Mein Zimmer musste möglichst schnell gemütlich gemacht werden. Die Wände waren kahl, alles leer, der Schrank grün, der Boden blau, die Tür gelb. Das einzige Positivum war, dass die eine Wand nur aus Fenstern besteht, so ist das Zimmer wenigstens hell. Aber heute ist mein Zimmer für mich wie eine Insel des Friedens. Sehr heimelig, ein paar Fotos, Bücher, Landkarte an der Wand, Blumen, und man fühlt sich schon viel wohler. Beim Betreten des Zimmers war ich kurz davor, einfach alles wieder in meinem Rucksack zu verstauen und so schnell wie möglich zu verschwinden. Heute bin ich froh, dass ich nicht so einfach das Handtuch geworfen habe. In dem Wohnheim, nach den ersten leidvollen Erfahrungen wusste ich schnell, nach 23 Uhr sollte man nicht unbedingt duschen gehen, weil es nämlich kein heißes Wasser mehr gibt. Waschen geht auch nicht so einfach, man muss in der Verwaltung, die nicht immer offen hat, Waschmarken kaufen, und die Wäsche wird nach 23 Uhr tatsächlich aus der Waschmaschine geworfen, damit das Nachtleben in dem Studentenheim auf keinen Fall gestört wird.
Die Erasmus-Gesellschaft hat sich schnell herausgebildet, zu verdanken dem Akademischen Auslandsamt, das für die Studenten- und Studentinnen eine Menge von Veranstaltungen organisiert hat. Im Oktober hatten wir Orientierungsveranstaltungen wie kunsthistorische Stadtführung, Führung durch den Dom, durch die Universität oder sogar einen Kneipenbummel. Die Studienfahrten nach Erfurt und Weimar, nach München oder zu den beiden Königsschlössern Bayerns, Neuschwanstein und Hohenschwangau, boten gute Möglichkeiten, uns besser kennen zu lernen und dabei gemeinsam Erlebnisse zu sammeln.

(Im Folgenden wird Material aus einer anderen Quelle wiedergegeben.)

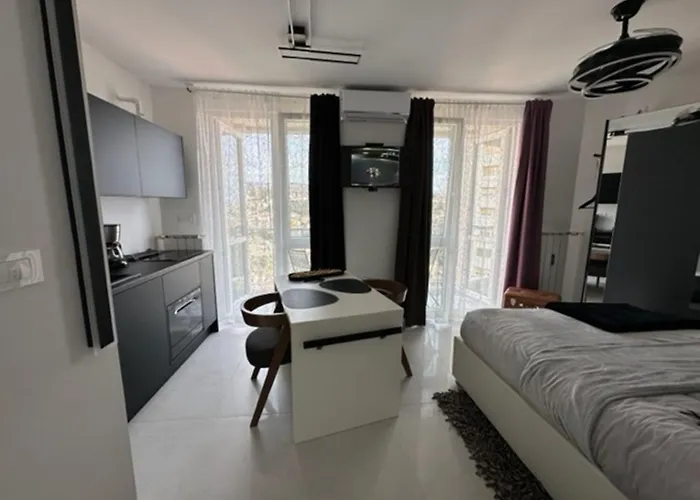 Fiorino Apartment-studio Mit Balkon By Interhome Διαμέρισμα Ριέκα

Nach drei Monaten habe ich schon einige Erlebnisse gesammelt, deren Wirkungen schon jetzt meine Persönlichkeit beeinflussen. Beispielsweise die sechs Wochen Arbeit in einem Dekorations- und Großfloristenhandel, mit drei deutschen Chefinnen und Tausenden von Bayerischen Kunden und Kundinnen, die immer so etwas gesucht haben, das ich mir nicht einmal vorstellen konnte. Wenn sie nach solchen komischen Sachen im Geschäft gefragt haben, habe ich nach einigen Tagen nur die Antwort gegeben: „Hamma nimma!“, was auf Bayerisch so viel bedeutet wie: „Haben wir nicht mehr“. Mit der Zeit verbesserte ich mich sprachlich, lernte Leute aus der ganzen Welt kennen, von Kasachstan bis Schottland, und wurde noch selbständiger.
Eine so genannte ungarische Identität fehlte mir. Aber nach einigen Wochen in Regensburg stellte es sich heraus, warum ich so reagierte, und was ich verstehen oder eben nicht akzeptieren konnte, weil ich nicht aus meiner Haut konnte. Diese Zeit, die noch gar nicht zu Ende ist, fasse ich so auf, wie eine Reise zu mir selbst. Und ich weiß, viel werde ich erst später richtig erfassen können, weil ich schon längst in Ungarn bin, oder wieder irgendwo im Ausland. Man kriegt ein genaueres Bild von dem, was man kann, wie man auf bestimmte Situationen reagiert, in die man zu Hause nie gekommen wäre. Ich kann nur allen raten sich zu bewerben.